Sophie Pujas in Possibles n° 13, octobre 2016

Sophie Pujas, Maraudes
La contemporaine pour ce numéro d’octobre 2016

(6) Rue de l’Odéon

Sophie PujasLa vie court autour de lui sans qu’il s’en mêle. La ville bruisse à son aise, sans qu’il lui appartienne. Pas de domicile fixe ? La belle blague. Cela fait huit ans qu’il est là. Sur la même bouche d’aération. Fixant la vitre du même café. Les passants vieillissent et meurent. Il est éternel, pris dans une trappe du temps. Le zèle de ceux qui voulaient l’aider s’est érodé. Personne ne songe plus pour lui à un autre destin. Ça lui est égal. Il n’y a jamais cru.
Quelquefois il lance des insultes un peu au hasard. Ça détend, ce vide autour soudain.
Il évite soigneusement de se voir. Pour plus de sécurité, barbe, et cheveux longs. S’il a eu un visage, plus aucune chance qu’il le revoie.
Un jour une femme de sa vie d’autrefois est passée devant lui, dans un parfum violent, et un brusque arrêt du cœur.  Assoiffé qu’elle le regarde, il lui a demandé de l’argent, elle a fouillé son sac, un peu trop longtemps. Il avait envie de lui dire : « Tu ne retrouvais jamais rien, tu veux que je tienne tes affaires comme avant, ton maquillage, tes cigarettes ? ». Elle a tendu quelques pièces, ses yeux glissant sur lui sans le reconnaître. Bienveillante et lointaine. Son regard était grave et triste, mais qu’y pouvait-il ? Deux créatures à la dérive dans des mondes étrangers, à peine entrebâillés l’un à l’autre.
Il avait été soulagé.
C’était officiel.
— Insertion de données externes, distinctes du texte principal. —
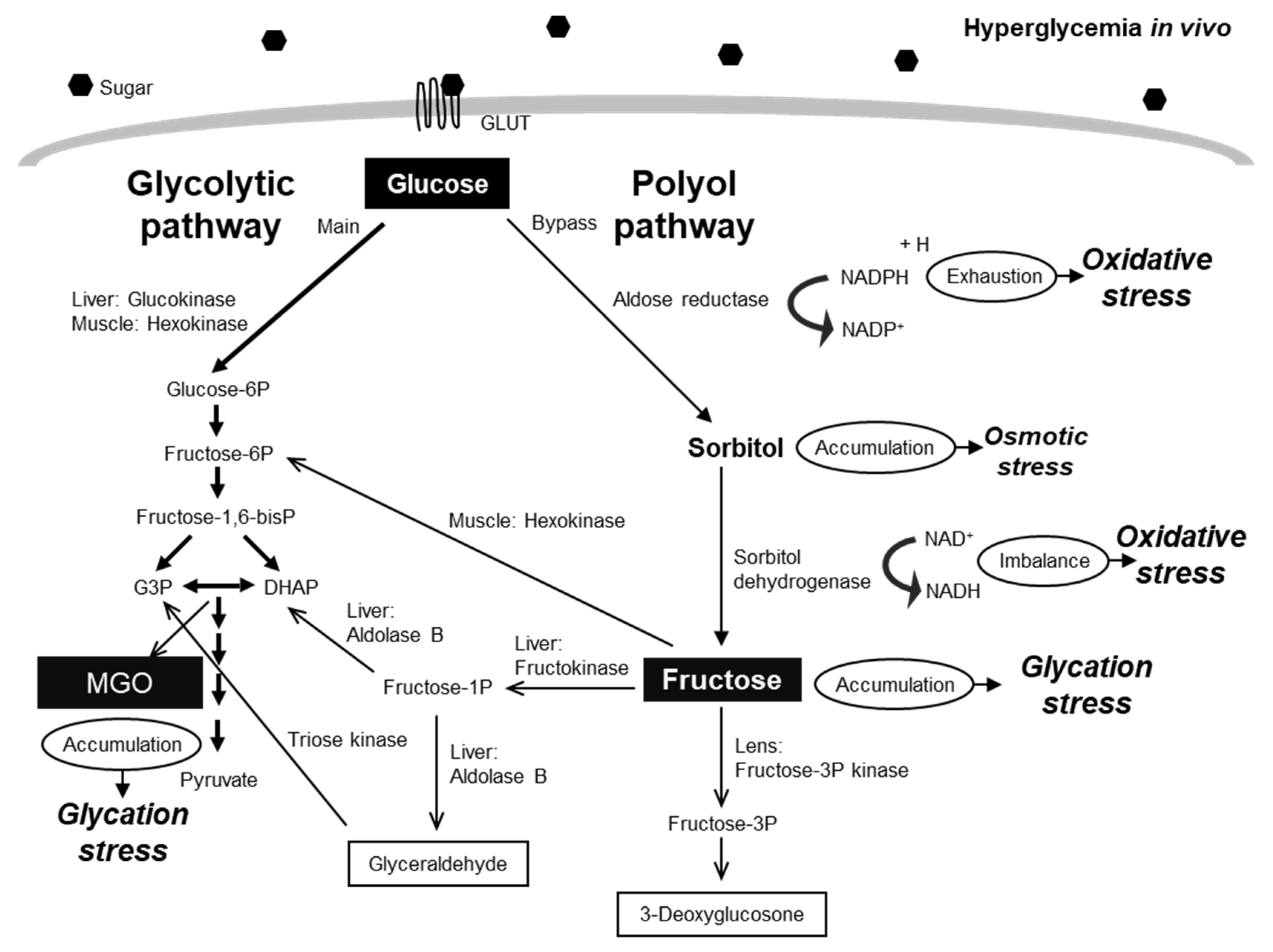 Molecules 30 04286 g001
Il était mort.

(6) Rue du Dragon

Le sol tremble. Casque sur la tête, oreilles couvertes, il n’est plus que cette vibration au bout de son marteau-piqueur. Il est au cœur d’un silencieux vacarme. Il pilonne, le geste doit être précis, juste. Tant qu’il regarde le trottoir se fendre, ne peut venir l’assaillir l’image qu’il chasse depuis son café du matin, depuis ce coup de fil, depuis qu’il sait. Son père sur un lit d’hôpital. Son père qui sans doute. Le béton craquelé gagne du terrain. Il avance. Trop facile de le faire appeler maintenant, à quoi bon. Le ciel est à l’orage. Le grondement se propage. Ca n’annule pas toutes ces années. Il faut se concentrer. Niet pour la grande scène finale avec violons. La transpiration goutte le long de son dos. Son collègue lui fait signe. Il coupe le moteur, enlève son casque. Le fracas doux de la rue reprend ses droits.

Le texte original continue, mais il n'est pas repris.